• **WHAT THIS TASK INVOLVES**:
Any picture must be dropped, but each line of the data should be duplicated exactly.

(Caption-style text data)
# # # # # # #
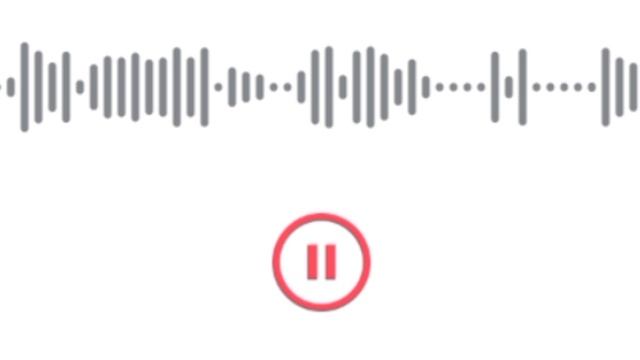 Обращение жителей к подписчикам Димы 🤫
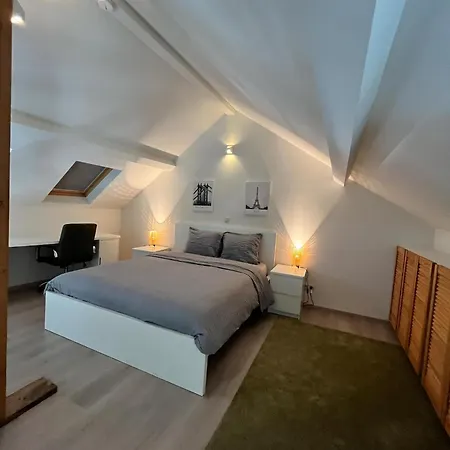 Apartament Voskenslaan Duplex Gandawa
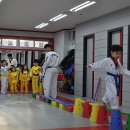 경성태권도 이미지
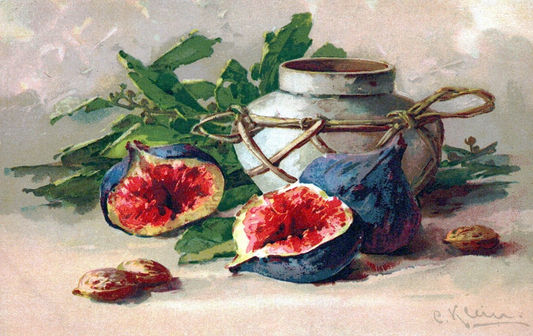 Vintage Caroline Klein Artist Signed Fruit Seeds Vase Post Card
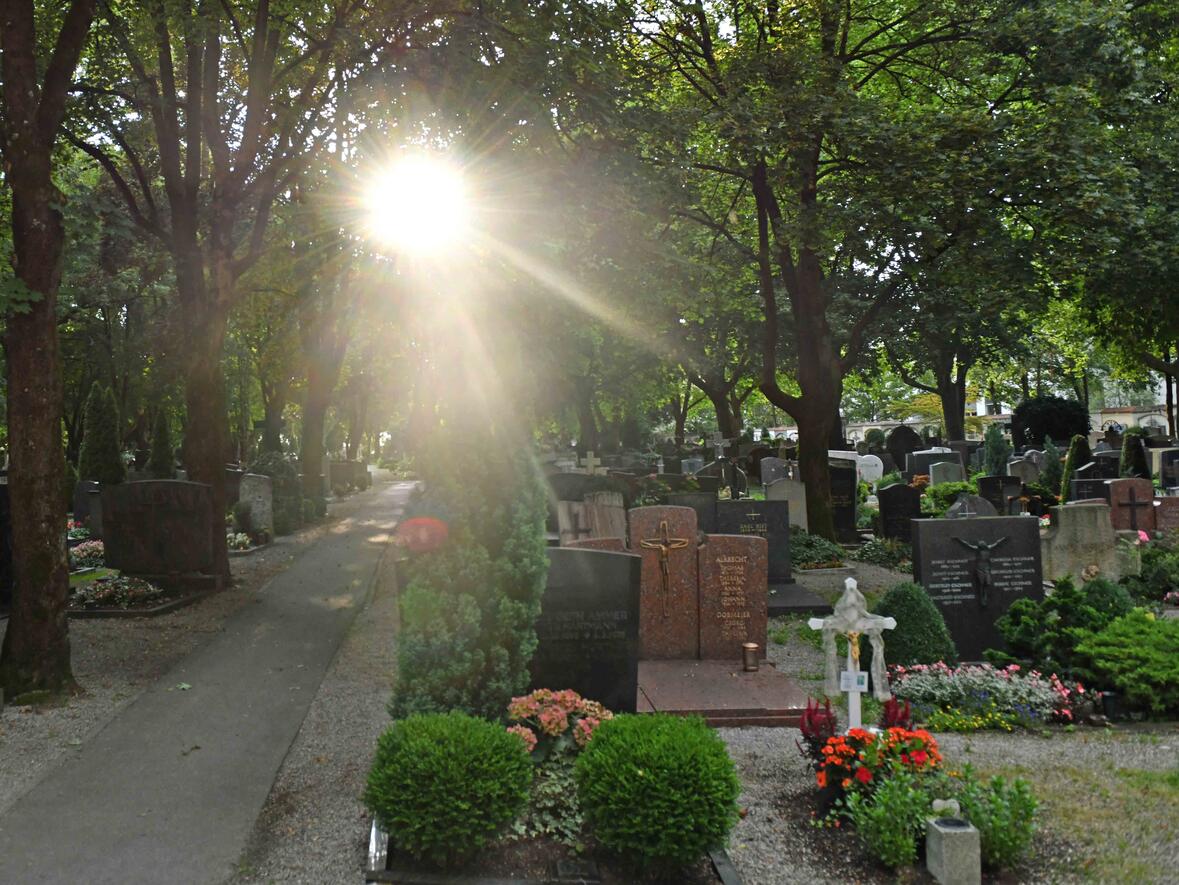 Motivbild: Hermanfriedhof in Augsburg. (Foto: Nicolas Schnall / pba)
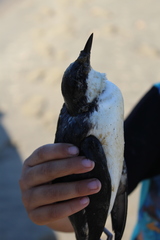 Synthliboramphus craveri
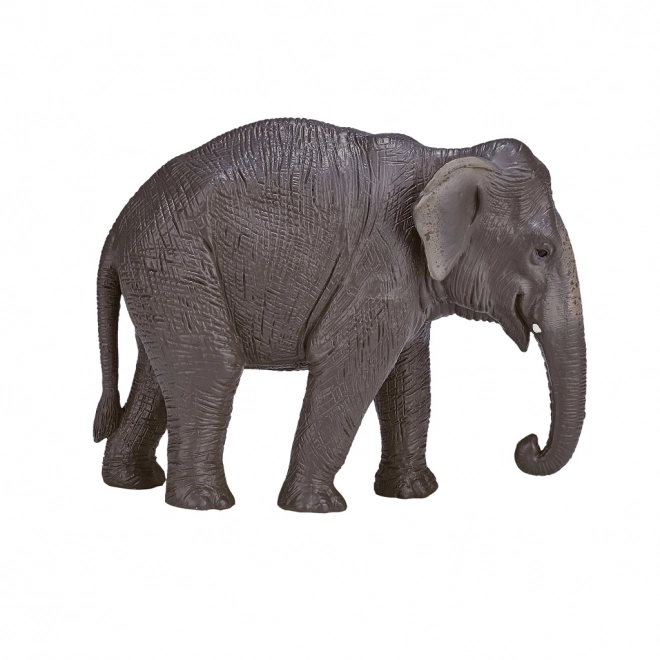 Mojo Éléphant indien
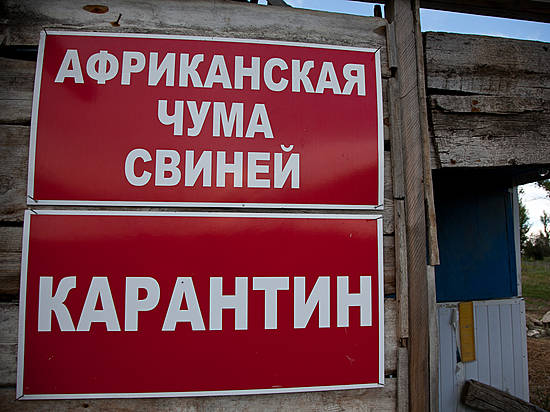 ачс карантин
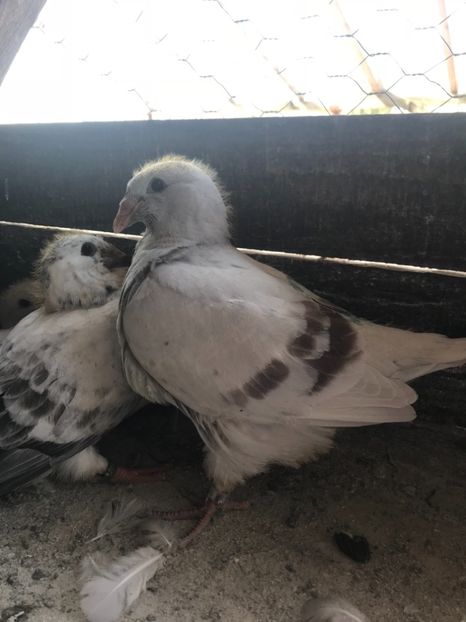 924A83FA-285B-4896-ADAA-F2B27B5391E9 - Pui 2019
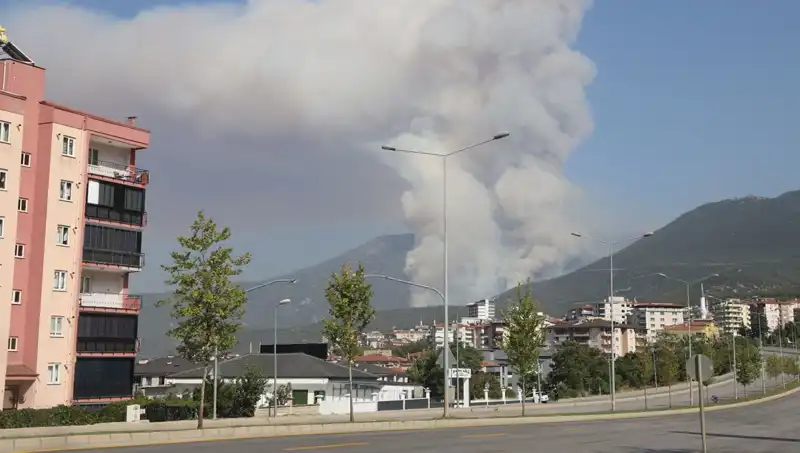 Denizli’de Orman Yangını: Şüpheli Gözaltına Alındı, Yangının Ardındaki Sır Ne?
# # # # # # #
• **THE COMPLETED TASK**:
 Обращение жителей к подписчикам Димы 🤫
 Apartament Voskenslaan Duplex Gandawa
 경성태권도 이미지
 Vintage Caroline Klein Artist Signed Fruit Seeds Vase Post Card
 Motivbild: Hermanfriedhof in Augsburg. (Foto: Nicolas Schnall / pba)
 Synthliboramphus craveri
 Mojo Éléphant indien
 ачс карантин
 924A83FA-285B-4896-ADAA-F2B27B5391E9 - Pui 2019
 Denizli’de Orman Yangını: Şüpheli Gözaltına Alındı, Yangının Ardındaki Sır Ne?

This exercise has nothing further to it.